Abstract
We introduce a scheme for optimally allocating multiple bits per hyperplane for Locality Sensitive Hashing (LSH). Existing approaches binarise LSH projections by thresholding at zero yielding a single bit per dimension. We demonstrate that this is a sub-optimal bit allocation approach that can easily destroy the neighbourhood structure in the original feature space. Our proposed method, dubbed Neighbourhood Preserving Quantization (NPQ), assigns multiple bits per hyperplane based upon adaptively learned thresholds. NPQ exploits a pairwise affinity matrix to discretise each dimension such that nearest neighbours in the original feature space fall within the same quantisation thresholds and are therefore assigned identical bits. NPQ is not only applicable to LSH, but can also be applied to any low-dimensional projection scheme. Despite using half the number of hyperplanes, NPQ is shown to improve LSH-based retrieval accuracy by up to 65% compared to the state-of-the-art.

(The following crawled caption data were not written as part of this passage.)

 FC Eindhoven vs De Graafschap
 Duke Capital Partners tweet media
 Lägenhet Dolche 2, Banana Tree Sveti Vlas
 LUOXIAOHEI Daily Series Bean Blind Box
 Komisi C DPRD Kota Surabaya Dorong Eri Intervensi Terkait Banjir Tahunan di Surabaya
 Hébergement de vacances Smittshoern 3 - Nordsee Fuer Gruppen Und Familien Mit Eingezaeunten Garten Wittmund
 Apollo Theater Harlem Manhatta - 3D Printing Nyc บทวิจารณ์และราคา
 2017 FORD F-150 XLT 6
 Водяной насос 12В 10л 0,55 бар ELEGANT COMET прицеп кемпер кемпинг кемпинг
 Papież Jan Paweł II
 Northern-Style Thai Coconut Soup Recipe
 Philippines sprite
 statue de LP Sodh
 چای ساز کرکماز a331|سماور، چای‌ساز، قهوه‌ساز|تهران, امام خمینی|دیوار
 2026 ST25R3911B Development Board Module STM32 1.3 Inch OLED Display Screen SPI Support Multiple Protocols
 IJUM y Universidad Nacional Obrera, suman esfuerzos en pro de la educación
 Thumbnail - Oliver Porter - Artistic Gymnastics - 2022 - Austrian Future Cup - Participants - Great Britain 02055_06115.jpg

| Original language | English |
|---|---|
| Title of host publication | Proceedings of the 36th International ACM SIGIR Conference on Research and Development in Information Retrieval |
| Place of Publication | New York, NY, USA |
| Publisher | ACM |
| Pages | 1009-1012 |
| Number of pages | 4 |
| ISBN (Print) | 978-1-4503-2034-4 |
| DOIs | |
| Publication status | Published - 2013 |
Keywords / Materials (for Non-textual outputs)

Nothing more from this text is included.